28.11.2020

Caroli, Regina, Rex in Rüsselsheim am Main / Germany

 

Rüsselsheim is famous for the Opel car production. And good workers need good entertainment in their spare time. The 1962 sent postcard shows the building Friedensplatz 6 in Rüsselsheim. Honestly, it doesn't show a cinema - only neon signs for three cinemas.

Caroli was opened on Christmas Day 1955 with 407 seats, Rex was opened in 1956 with 482 seats (not far away from Friedensplatz) and closed in 2011, Regina has opened from 1957 till 1985. From 1958 all three cinemas belonged to Kurt Palm.

Kurt Palm, born in 1924 in Mainz-Gustavsburg, made his first 8mm films at a young age and initially trained as an electrician. During the Second World War he was employed as a cameraman and reporter. In 1947, he opened his first movie theater Burg-Lichtspiele (today Burglichtspiele Gustavsheim) in a 1899 built chapel.

Palm soon expanded its business activities. He owned more than twenty movie theaters and began to produce films himself. His best-known projects include the documentary Der 2. Weltkrieg / The Second World War (1982) and various erotic films. His REPA Filmproduktion GmbH was one of the most successful German film producers in the early 1970s.

Palm's busy life finished in 2013.

I publish this no-cinema-showing postcard because cinemas are not only any buildings for showing films. Making good entertainment is a hard job from Monday till Sunday, all year long, done by enthusiastic men and women and not by machines. When these people die, a piece of culture and history and their stories are also dying.


22.11.2020

Kino International in Berlin/Germany - "Die Frau, die man nie vergessen kann" 1964

 

Kino International Berlin postcard 1964


Another postcard in my collection of Kino International in Berlin.
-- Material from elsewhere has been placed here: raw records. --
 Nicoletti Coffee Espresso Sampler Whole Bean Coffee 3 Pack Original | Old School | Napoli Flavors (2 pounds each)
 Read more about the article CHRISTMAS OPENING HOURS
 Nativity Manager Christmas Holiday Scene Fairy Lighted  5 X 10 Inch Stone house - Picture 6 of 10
It is a view of Karl-Marx-Allee (until 1961 Stalinallee) with the cinema on the left, looking east to Strausberger Platz. The two 14-story high-rise buildings were built in the 1950s as Haus des Kindes (House of the Child) and Haus Berlin. In addition to the apartments for hundreds of workers, there was a dancing bar in Haus Berlin and in Haus des Kindes there were a puppet theater, a kindergarten, a children's department store and a children's cafe.


It wasn't easy to read the advertised movie on the poster. I could identify it with the help of the book Mehr Kunst als Werbung. Das DDR-Filmplakat by Detlef Helmbold (even if the poster does not match the illustration in the book). It is the Polish movie Die Frau, die man nie vergessen kann / Naprawdę wczoraj (Poland 1963, directed by Jan Rybkowski). This movie was released in East Germany on July 10, 1964.
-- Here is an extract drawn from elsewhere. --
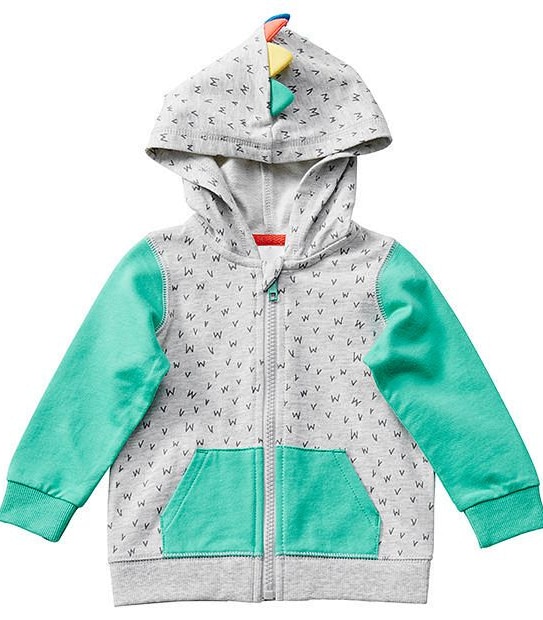 Baby Dinosuar Scales Zip Through Hoodie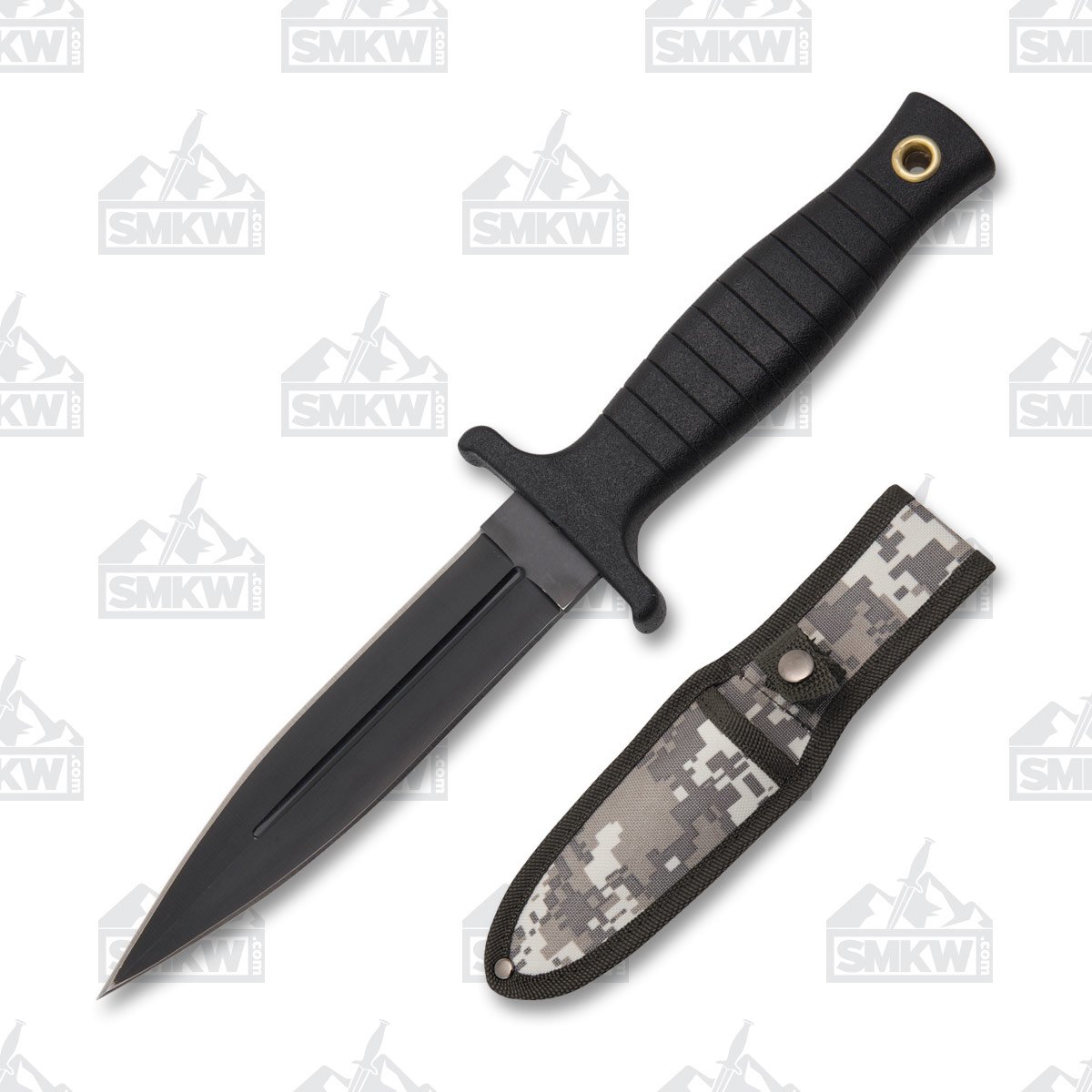 Szco Combat Boot Knife 5 Inch Plain Black Dagger Camo Sheath 211459CM View 1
The postcard was published in 1965 by Gebr. Garloff KG Magdeburg.

In October 2020 I visited Berlin and Kino International. There was a little interesting exhibition inside Pavillions für die Karl-Marx-Allee. And I heard, that Berlin's Karl-Marx-Allee should be on the Unesco World Heritage List.

I didn't see a movie there. I preferred to walk along Karl-Marx-Allee to Warschauer Strasse. I was amazed that there was so little going on on the avenue on a Saturday afternoon.



14.11.2020

Lichtspielhaus in Nerchau/Germany

 


Nerchau today has about 3800 inhabitants and belongs to the city of Grimma, it is located on the river Mulde.
The cinema Lichtspielhaus ("Light Play House" = Movie Theater) in Nerchau opened on 25th December 1912. Hermann Märker was the owner. I think he is the man on the picture below left, to the left of the door. Maybe, the woman to the right is his wife.
Hermann Märker was a plumber by trade, with his own business.
Look at his advertisment in the address book of Grimma 1912:

"Nerchauer Lichtspiel-Theater. Great constant theater, singing and speaking photographs in the highest perfection. The very latest events of the day in the picture. Pleasant, interesting stay.
Program changes every Wednesday and Saturday.
Excellent entertainment music from first-class instruments during the presentation of the slides.
Half price for students and children."

I don't know if the house was newly built with a cinema in 1912, it could be. A year later, Hermann Märker opened another cinema in Brandis, a city 25 km away.

The 1912 opened cinema with 200 seats was the only one in Nerchau and closed in 1991.

In its last years it was used as a Café-Kino with 60 seats, where you could have a meal during watching a movie. If you look at the postcard, there was already a Café in this house in 1912, maybe run by Hermann Märker's wife Lina.